Leave the pictures out and return every line below exactly.
(Beginning of MATERIAL PROVIDED)
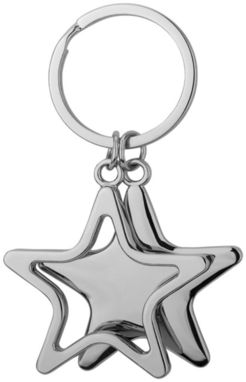 Брелок Star, колір срібний - 11810300- Фото №3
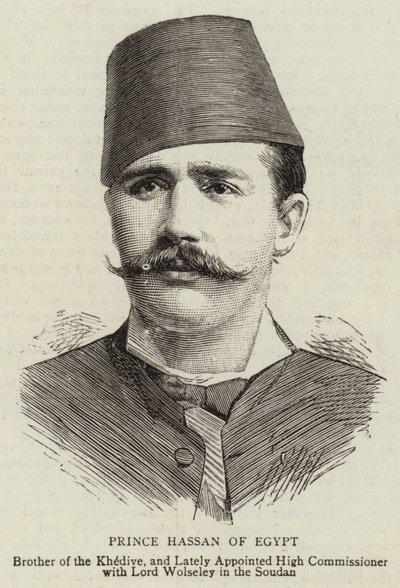 Prinz Hassan von Ägypten (Stich) von English School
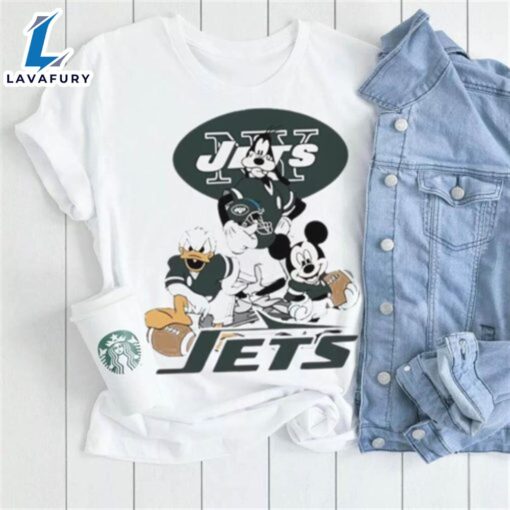 Mickey Mouse Characters Disney New York Jets Shirt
(End of MATERIAL PROVIDED)
## [SOLUTION BELOW]
 Брелок Star, колір срібний - 11810300- Фото №3
 Prinz Hassan von Ägypten (Stich) von English School
 Mickey Mouse Characters Disney New York Jets Shirt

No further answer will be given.